* [Problem to solve]: Write out, word for word and with no pictures, each line below from the one containing "Wholesale Transparent Mesh" through the one containing "MW13HEV are the vehicle registration plates.", both included, and no other line.

* [Dataset records]:

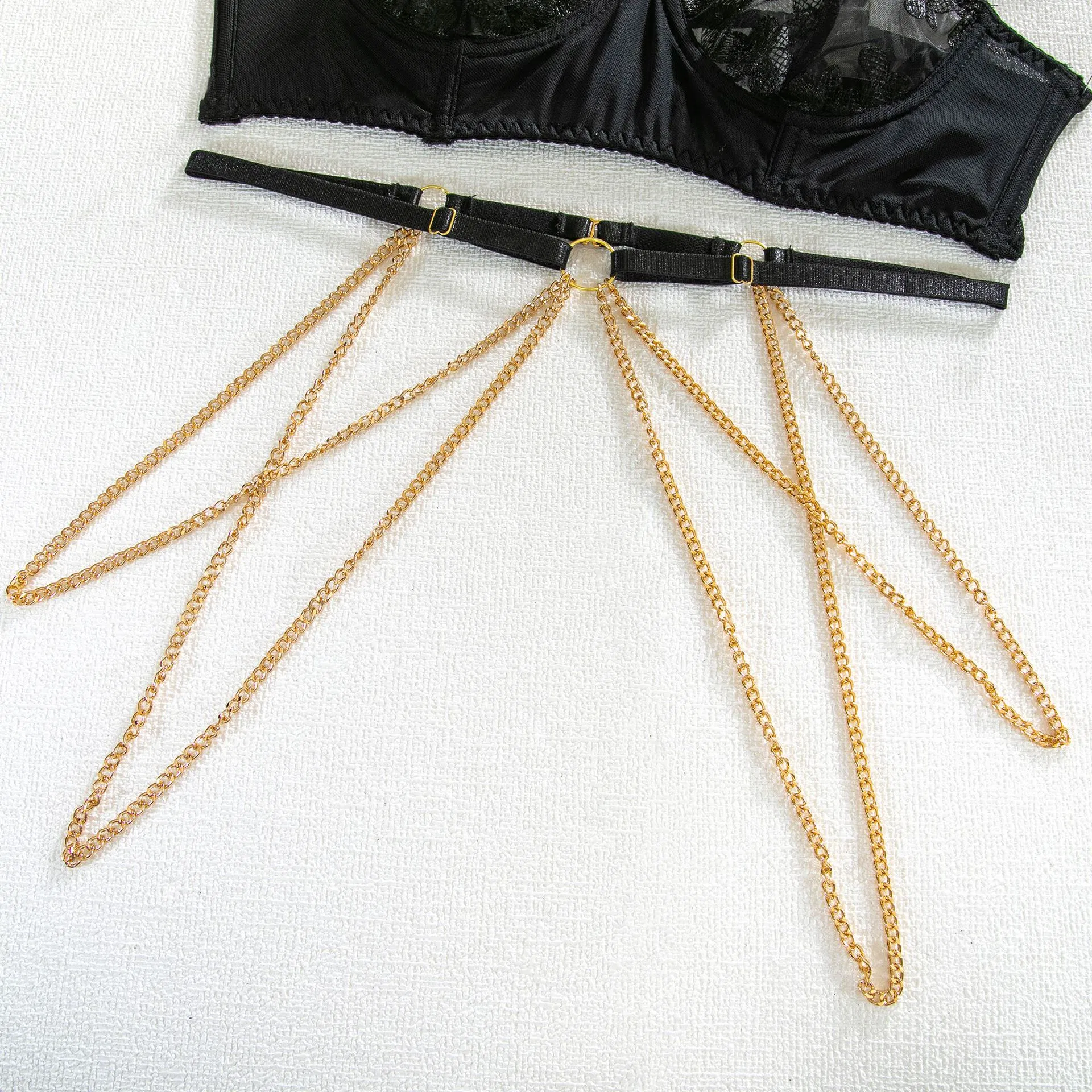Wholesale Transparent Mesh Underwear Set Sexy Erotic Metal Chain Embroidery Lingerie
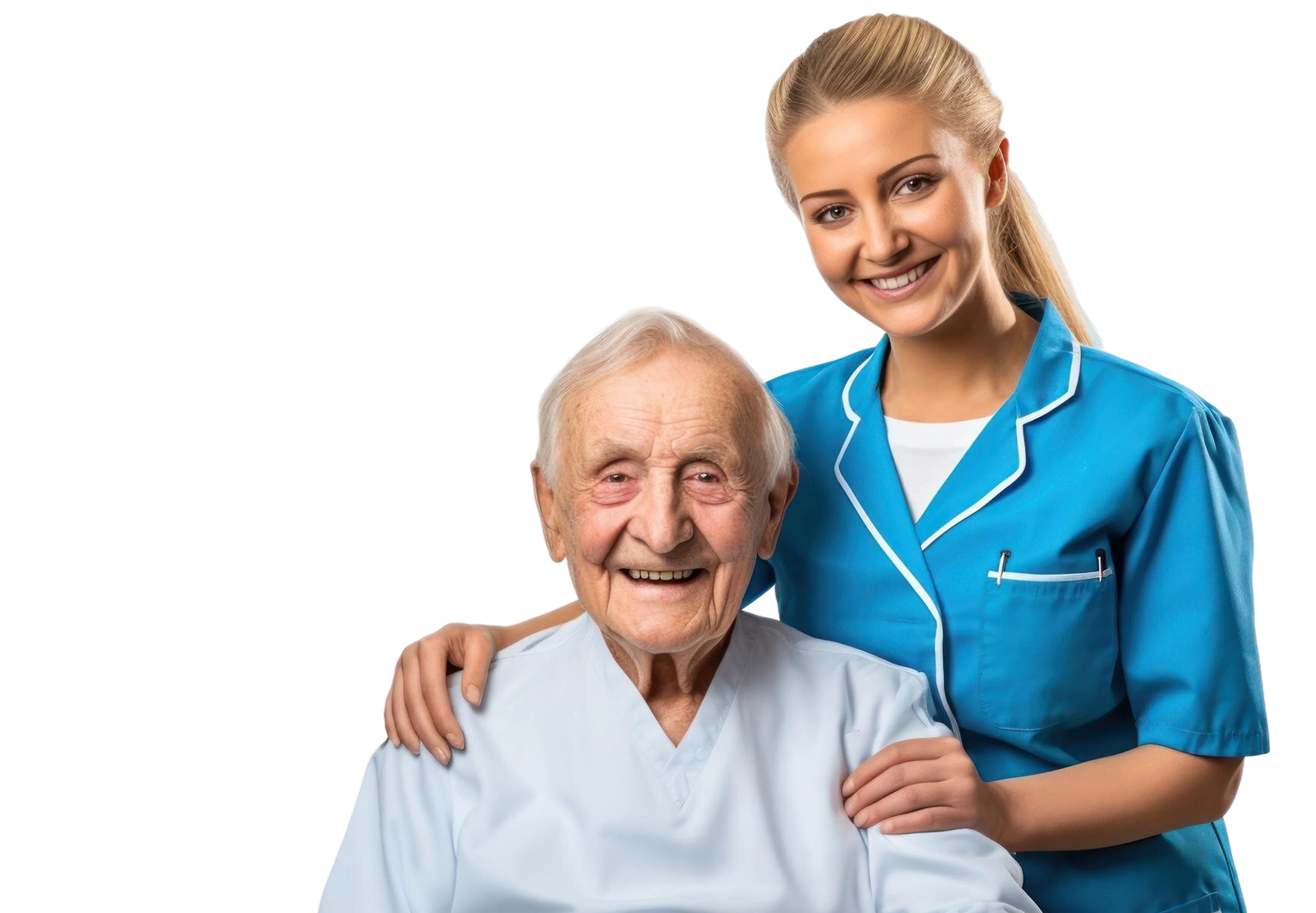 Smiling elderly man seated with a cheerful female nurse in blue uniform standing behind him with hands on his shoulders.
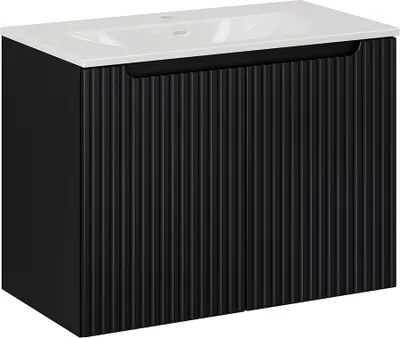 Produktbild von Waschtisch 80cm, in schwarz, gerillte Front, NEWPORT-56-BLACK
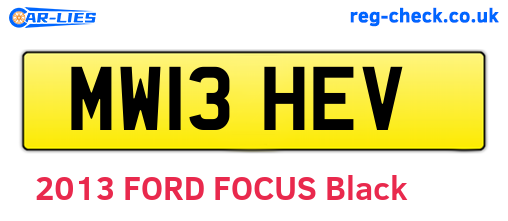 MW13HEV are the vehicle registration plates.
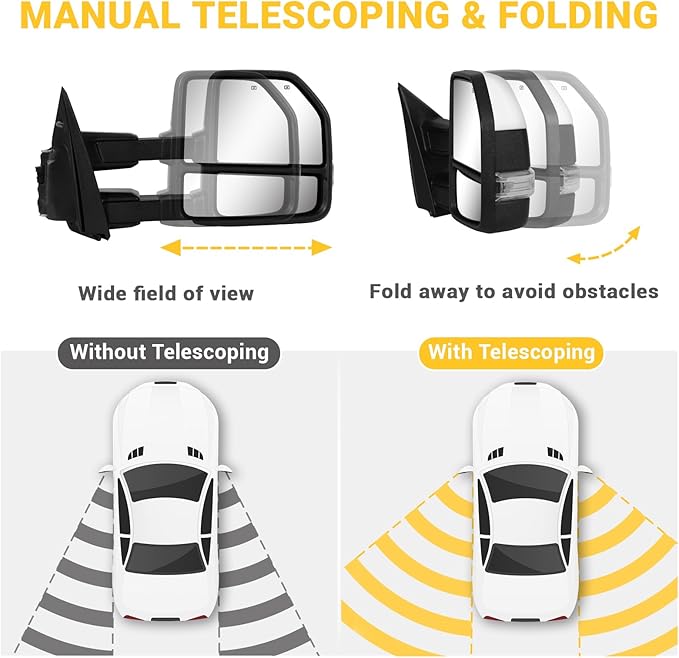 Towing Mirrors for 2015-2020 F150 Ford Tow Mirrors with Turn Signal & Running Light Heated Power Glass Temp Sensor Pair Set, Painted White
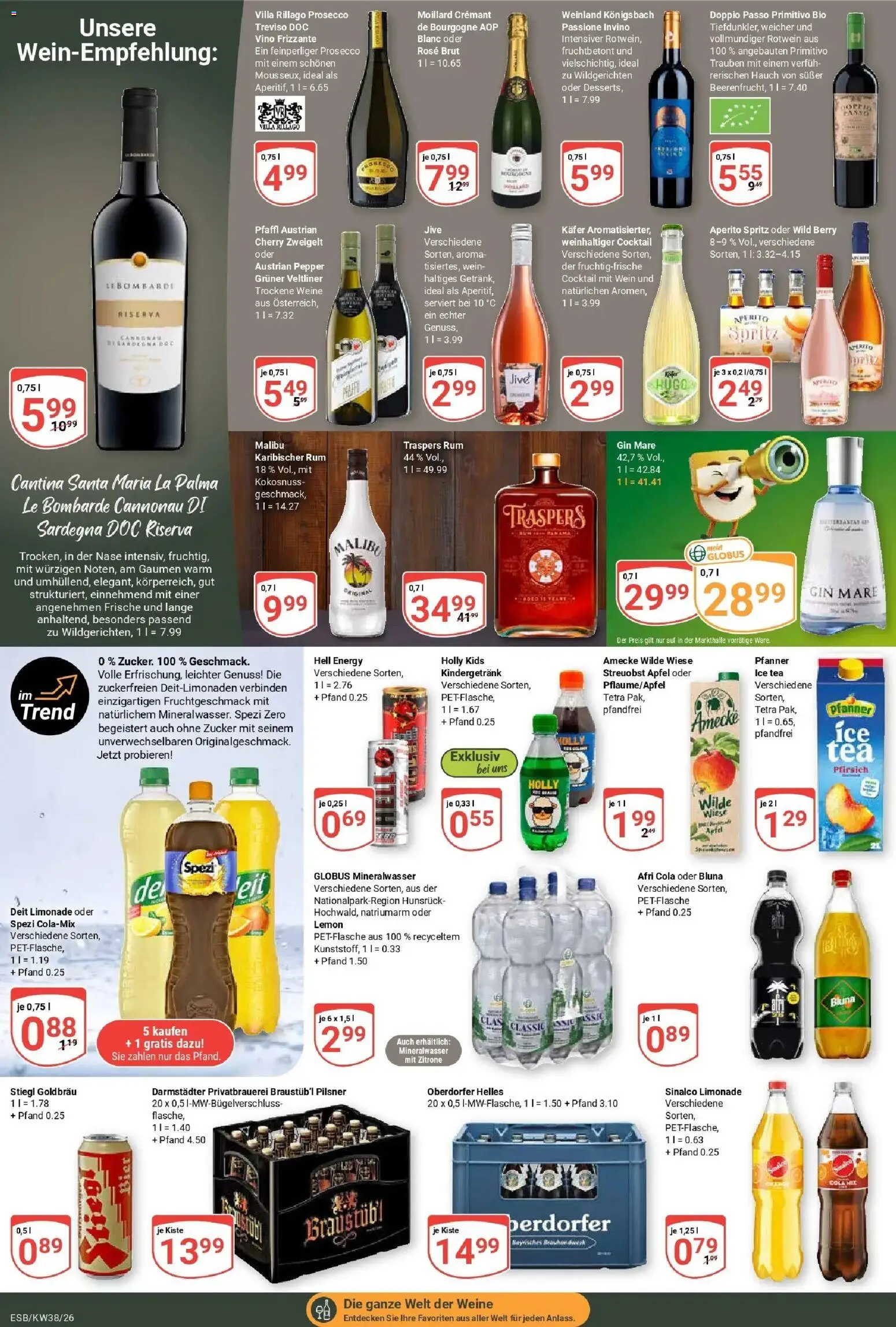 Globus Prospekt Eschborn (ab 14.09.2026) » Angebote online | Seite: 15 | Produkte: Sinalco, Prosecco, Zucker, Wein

---

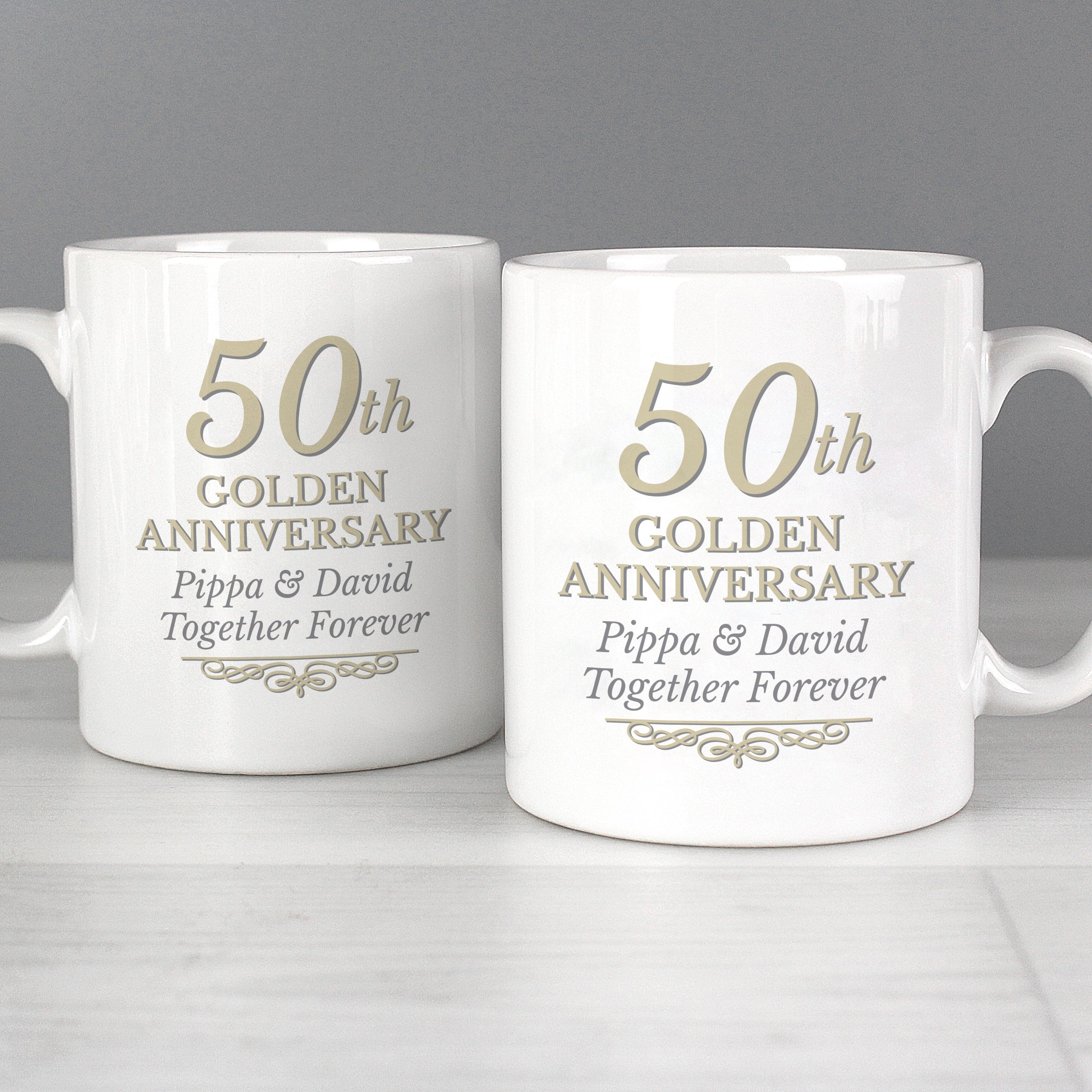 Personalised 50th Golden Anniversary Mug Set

* * *

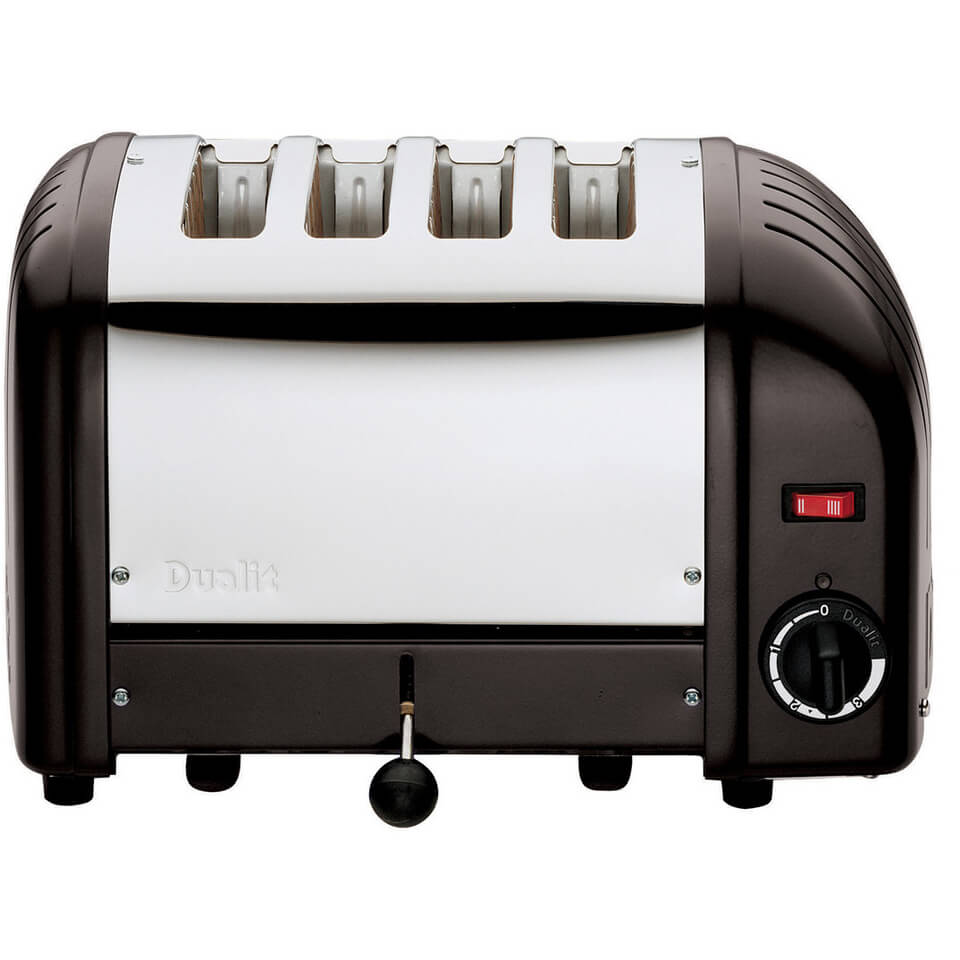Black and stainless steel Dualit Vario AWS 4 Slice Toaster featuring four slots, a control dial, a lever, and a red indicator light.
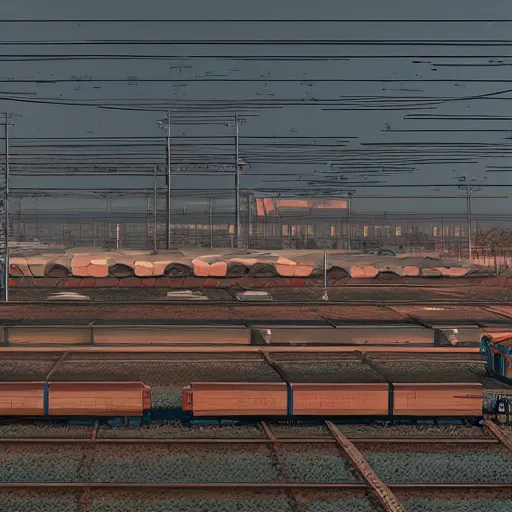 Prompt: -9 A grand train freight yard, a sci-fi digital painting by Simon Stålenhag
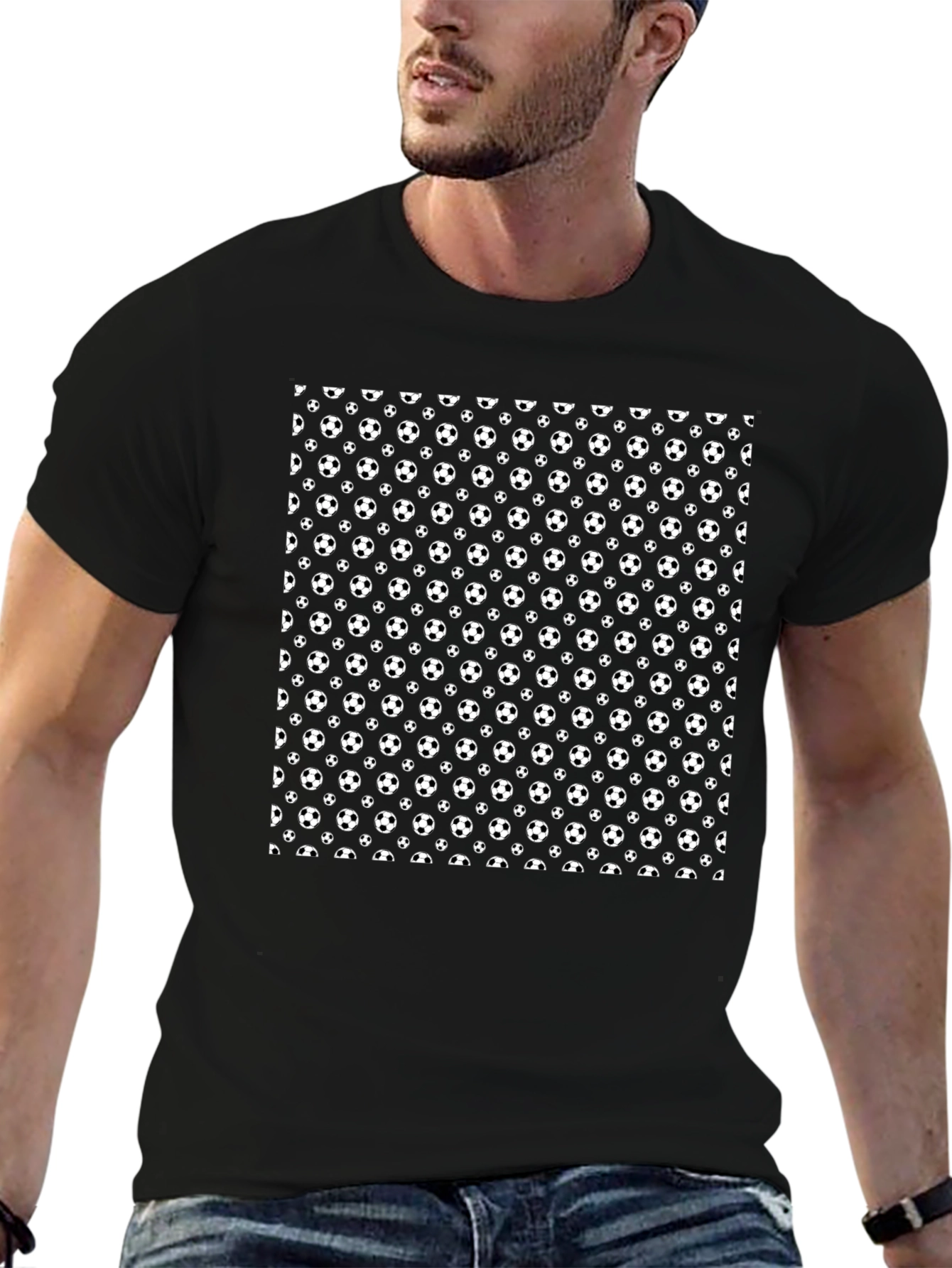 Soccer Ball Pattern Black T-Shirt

* [Solution below]:
Wholesale Transparent Mesh Underwear Set Sexy Erotic Metal Chain Embroidery Lingerie
 Smiling elderly man seated with a cheerful female nurse in blue uniform standing behind him with hands on his shoulders.
 Produktbild von Waschtisch 80cm, in schwarz, gerillte Front, NEWPORT-56-BLACK
 MW13HEV are the vehicle registration plates.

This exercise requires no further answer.